010.泥棒追跡
【警戒】魔法に反応した黄色い点は、『危険』ではなく『注意』を示すものらしい。
取り敢えず、ちょっとした準備をして、様子を見ておくことにした。
黄色い点は、俺の背後から近づいてきてー
「ごめんよ!」
何かがぶつかった軽い衝撃とともに、そんな声が聞こえた。
「あっ!セイジ様、お金の袋が!」
エレナは、思わずさっきぶつかった人物を追いかけようと、駆け出したのだが…… 勢い余ってコケてしまった。
俺はとっさに、【クイック】の魔法を自分に掛けて、エレナが地面に激突する寸前で受け止めることに成功した。
「あ、セイジ様、ありがとうございます」
抱きつくような格好になってしまって、エレナは顔を真っ赤にしている。か、かわええ~
「ごめんなさい、私のせいで犯人を見失っちゃいました」
「大丈夫、金貨と銀貨はインベントリに移してあるから、あの袋には10ゴールドしか入れてなかったしね」
「そうだったんですか、いつの間に」
「うん、流石に99枚の金貨が重くって。それに、あの袋に魔法を掛けておいたから【追跡】も出来るよ」
「さすがです、セイジ様」
俺達は、犯人の追跡を開始した。
【追跡】の機能を使って、犯人の様子を見てみると…… 裏路地に隠れて、袋の中身を確認していた。

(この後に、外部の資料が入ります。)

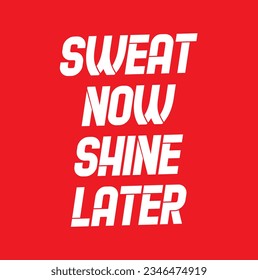 sweat now shine later loading text on red background.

袋の中に10ゴールドが入っているのを見つけた犯人は、しっぽを振って喜んでいた。
「こっちみたいだ」
「はい」
エレナは何が楽しのか、ニコニコ顔で付いてくる。
更に犯人の行動を監視していると…… パン屋でパンを購入していた。
「どうやら犯人は、パンを5個買ったみたいだ」
「パンを5個も、よっぽどお腹が空いていたのでしょうか?」
「うーむ、パンは食べずに、何処かに運ぶみたいだ」
「なぞがなぞを呼びますね」
俺達は、さらに犯人の後を追った。
「ここが犯人のアジトですか?」
「ああ、ここに入っていった」
「でも、ここって、教会ですよ?」
「そうみたいだな。入ってみようか」
「はい」
俺達は、犯人が入っていった教会に足を踏み入れた。
教会の中は、ガランとしていて誰もいなかった。
「あっちの方で人の声が聞こえます」
俺達は、エレナの指差す奥の部屋へと進んだ。
奥の部屋に踏み入ると、犯人と出くわしてしまった。
「お前は、さっきの!」
犯人は、俺に襲いかかってきた。
俺が犯人の両手を捕まえると、犯人は足がつかなくなり、身動きが取れなくなってしまった。
「はなせ!」
俺に捕まり、すっかり借りてきたネコのようになってしまった犯人……
まあ、猫なんだけどね。
犯人は猫ミミ、猫しっぽの10歳くらいの女の子だった。
「セイジ様、こちらに来て下さい」
エレナが、更に奥の部屋から呼んでいる。
「そっちに行くな!」
犯人の女の子の必死の訴えを無視して奥の部屋に入ると……
シスターの格好をした24、5歳くらいの女の人が、粗末なベッドで苦しそうに寝ていた。病気で寝込んでいるのだろう。犯人の女の子は、この病気のシスターにパンを食べさせたかったらしい。
「その人の病気、重そうなのか?」
「だいぶ苦しそうです、私が魔法で治してみます」
エレナはシスターの額に手を載せて、魔法を唱え始めた。
「ま、魔法!」
犯人の女の子は俺に両手を掴まれ、ぶら下がったままエレナの魔法に驚いていた。
エレナの魔法が発動し、シスターの体が光に包まれると、シスターはだいぶ苦しさが減ったようで、静かに眠っていた。
「な、治ったの?」
「時間を置いて、後何回か魔法をかけたら、良くなるはずです」
「あ、ありがとう」
犯人の女の子は、エレナにお礼を言った。
すると、3人の子どもたちがどこからか出てきた。おそらく、何処かに隠れていたのだろう。
3人は5~8歳くらいで、みんな少し痩せていた。
「シスター、しなない?」
「大丈夫よ、魔法で病気を軽くしたから」
「おねえちゃん、ありがとう」
子どもたちは、口々にお礼を言った。